Dat is een sociaal en gemeenschapsvormend proces, waardoor ook de vitaliteit in de kernen wordt bevorderd. De plaatselijke groepen gebruiken de opbrengst van de zonnevelden om allerlei investeringen voor het verduurzaming in de kernen te kunnen betalen. Het exploiteren van zonnevelden door plaatselijke groepen die de opbrengst gebruiken voor het verduurzamen van hun kern dient voorrang te krijgen vóór de exploitatie door particulieren/ bedrijfsontwikkelaars.
Zonneveldlocaties en de landschappelijke inpassing
Het kiezen van locaties voor zonnevelden, het aanleggen daarvan en de landschappelijke inpassing dient zeer zorgvuldig te gebeuren. Voor de landschappelijke inpassing is 10% van de zonneveld-oppervlakte beschikbaar. Houtwallen dienen de zonnevelden zoveel mogelijk aan het zicht te onttrekken. Na het einde van de 25 jaar blijven de houtwallen voor een groot deel permanent, speciaal de noord-zuid gerichte houtopstanden, waardoor het oude slagenlandschap voor een deel kan herleven en het landschap blijvend een stevige impuls krijgt.
De aanleg van zonnevelden en de bodem
Het leggen van zonnepanelen heeft een groot effect voor de waterhuishouding, de lichtinval, de kwaliteit van de bodem dus. Om de ecologische kwaliteit en biodiversiteit te bevorderen dienen de panelen op een hoogte van tenminste 60 cm te worden geplaatst, dient op de bodem een kruidenlaag te worden aangelegd, moet het gebruik van pesticiden worden verboden en is er ’n flinke afstand nodig tussen de panelen. Schapen kunnen onder die panelen grazen. Meervpoudig gebruik dus.
Zonnevelden dienen te zorgen voor een maatschappelijke meerwaarde.
Een stevige impuls voor de (uitgemolken) grond zorgt voor een maatschappelijke meerwaarde doordat de biodiversiteit op het zonneveld dan sterk toeneemt. Die stevige maatschappelijke meerwaarde (naast goede landschappelijke inpassing) dient het uitgangspunt van het beleid te zijn. Draagt de zonneontwikkelaar minder bij aan bijvoorbeeld de biodiversiteit, dan moet hij een flinke bijdrage (bv de helft van het rendement) storten in een duurzaamheidsfonds.

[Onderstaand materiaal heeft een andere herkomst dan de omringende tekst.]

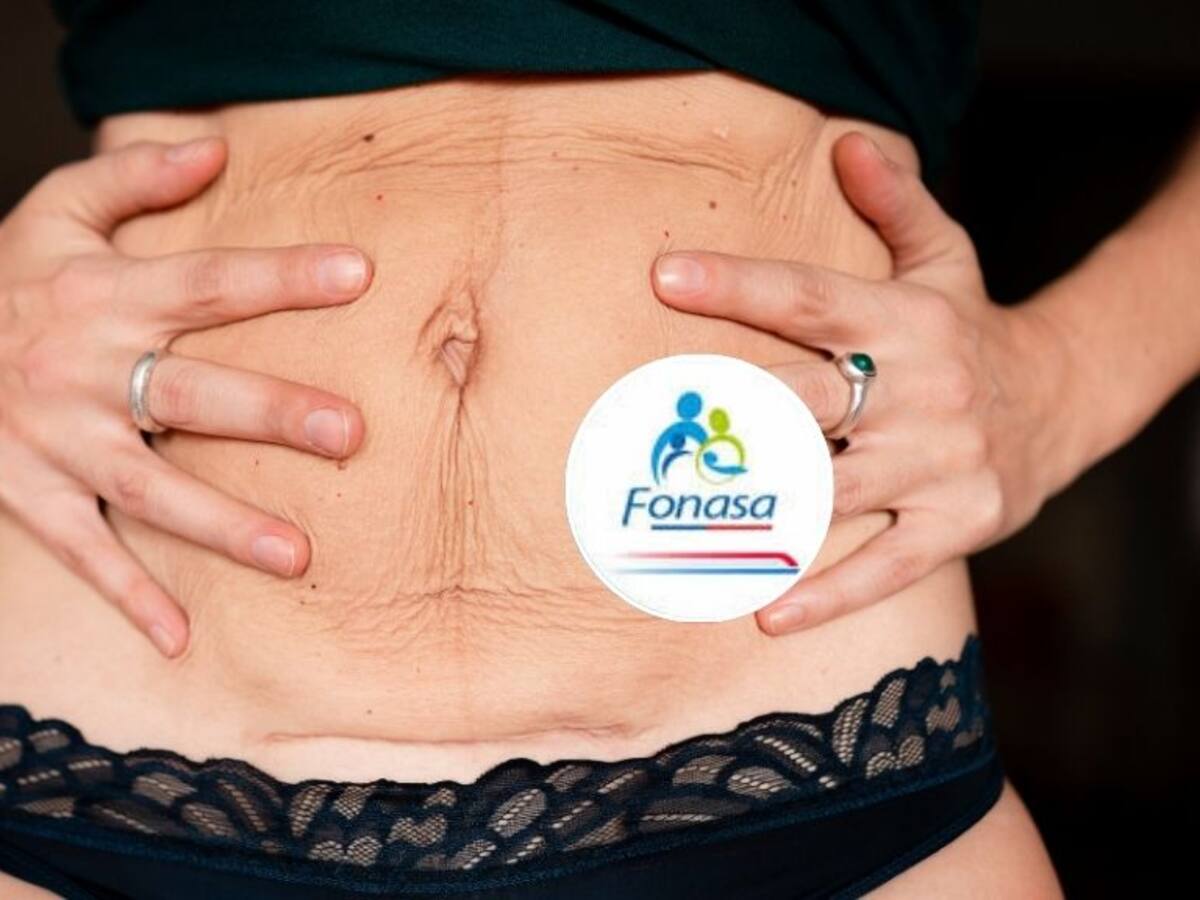 Abdomen flácido con Fonasa: cuánto cuesta la cirugía y cómo funciona el Bono PAD (paso a paso)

Zoals er ook een gemeentelijk landschapsfonds bestaat, waarin bijdragen moeten worden gestort als er bij agrarische uitbreiding in het buitengebied onvoldoende kwaliteits-verbetering is, zo kan er nu een duurzaamheidsfonds komen. Zonneontwikkelaars die slechts willen voldoen aan minimale inrichtingseisen (geen pesticiden, panelen op 50cm hoogte en panelendichtheid van 60%) storten hierin jaarlijks hun bijdrage. Dit vereist maatwerk.
De inwoners profiteren van de storting in het duurzaamheidsfonds omdat daaruit kredieten voor investeringen in duurzaamheid/energietransitie kunnen worden verstrekt.
Handhaving van de afspraken over landschappelijke inpassing en exploitatie
Goede controle en handhaving van aanleg landschappelijke inpassing en aanleg/exploitatie zonnevelden is noodzakelijk. Als de gemeente ozb-belasting voor de zonnevelden gaat ontvangen (hetgeen nog niet zeker is), zou een deel van de opbrengst daarvan hiervoor kunnen worden gebruikt.
Zonnevelden bieden dus naast energie ook kansen voor het landschap, de natuur en de energietransitie in Heusden.